What is expected → In the records that follow, the lines from the one containing "高麗 草花象嵌 青磁 茶碗 時代 茶道具(K-A990)" to the one containing "Topographic Map of Saint Cares School, NY", inclusive, are to be given again exactly.

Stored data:
= = = = = = =
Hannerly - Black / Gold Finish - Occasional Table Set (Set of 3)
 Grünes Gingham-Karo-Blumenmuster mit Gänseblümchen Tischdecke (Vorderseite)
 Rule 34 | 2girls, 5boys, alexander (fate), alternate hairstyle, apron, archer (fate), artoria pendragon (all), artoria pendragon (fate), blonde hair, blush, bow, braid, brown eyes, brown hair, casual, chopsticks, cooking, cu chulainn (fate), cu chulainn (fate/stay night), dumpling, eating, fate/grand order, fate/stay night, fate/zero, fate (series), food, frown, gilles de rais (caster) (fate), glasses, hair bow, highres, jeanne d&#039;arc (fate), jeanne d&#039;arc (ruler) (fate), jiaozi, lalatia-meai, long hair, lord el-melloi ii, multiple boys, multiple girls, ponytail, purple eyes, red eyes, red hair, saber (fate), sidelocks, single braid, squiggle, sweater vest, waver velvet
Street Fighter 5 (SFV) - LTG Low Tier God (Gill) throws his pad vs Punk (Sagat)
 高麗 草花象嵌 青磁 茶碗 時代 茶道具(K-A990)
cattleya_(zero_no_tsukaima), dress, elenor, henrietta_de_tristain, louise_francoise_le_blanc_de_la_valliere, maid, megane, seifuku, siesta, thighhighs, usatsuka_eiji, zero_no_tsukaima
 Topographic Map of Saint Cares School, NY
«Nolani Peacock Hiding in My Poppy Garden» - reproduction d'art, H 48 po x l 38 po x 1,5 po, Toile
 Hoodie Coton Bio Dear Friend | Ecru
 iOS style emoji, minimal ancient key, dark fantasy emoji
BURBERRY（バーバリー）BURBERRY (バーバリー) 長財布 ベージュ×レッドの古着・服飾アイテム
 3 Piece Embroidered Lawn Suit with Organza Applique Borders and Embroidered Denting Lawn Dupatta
= = = = = = =
Your solution →
 高麗 草花象嵌 青磁 茶碗 時代 茶道具(K-A990)
cattleya_(zero_no_tsukaima), dress, elenor, henrietta_de_tristain, louise_francoise_le_blanc_de_la_valliere, maid, megane, seifuku, siesta, thighhighs, usatsuka_eiji, zero_no_tsukaima
 Topographic Map of Saint Cares School, NY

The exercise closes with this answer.